I come from a group that believes in regular mtgs on regular mtg nights. So that people in your area can get to know you and I suggest getting a sponsor from one of those meetings. It's known as a homegroup.
I know you asked Paleo for her experience, strength and hope but I wanted to respond to you as well since I have a lil bit of time in the program myself and had 4 years before and I relapsed.
I don't think anyone really knows that they "made it" all we have is a daily reprive contingent upon our spiritual condition. I have seen people with 20 years sober drink again because for whatever reason they thought they made it.
Just wanted to agree with the rest...old thread or not...it's wonderful and thought provoking.

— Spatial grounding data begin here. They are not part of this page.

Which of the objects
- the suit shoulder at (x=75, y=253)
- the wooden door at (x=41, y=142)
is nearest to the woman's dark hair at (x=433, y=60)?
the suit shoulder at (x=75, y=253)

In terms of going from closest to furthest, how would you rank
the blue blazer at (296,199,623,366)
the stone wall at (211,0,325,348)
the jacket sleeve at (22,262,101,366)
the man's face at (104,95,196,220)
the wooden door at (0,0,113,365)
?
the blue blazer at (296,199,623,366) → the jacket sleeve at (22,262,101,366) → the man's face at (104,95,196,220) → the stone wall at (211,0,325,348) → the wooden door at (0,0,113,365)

I liked Ms Twacky's answer. I don't ever feel like I have made it. I make it one day at a time like everyone else. There are a couple of things that help me make that decision not to drink each day.
1. The program makes sense to me. I "got" it. I understand that I cannot drink-but as it says in the big book (and I am paraphrasing) understanding don't mean a whole bunch when it comes down to crunch time. That is when the HP thing steps in. I have to remember that my alcoholism is like a bad voice in my head that wants to lead me to self destruction. I cannot listen to it. I am not cured.
2. When I am having a bad day or am really stressed out, my first thought is not a drink anymore. That is a huge relief. I got to that point by having other tools to use when I am stressed out or having a bad time in my life. I don't have just bad days, really-I have bad periods. It was a long term process. I had to rewire my brain by constant repetition and usage of other things besides drinking. I am working on that with food! Now, I want doughnuts! I should talk to someone or write what is bothering me down. I need to work on that by applying all my step stuff to doughnuts. Stupid carby, sweet things.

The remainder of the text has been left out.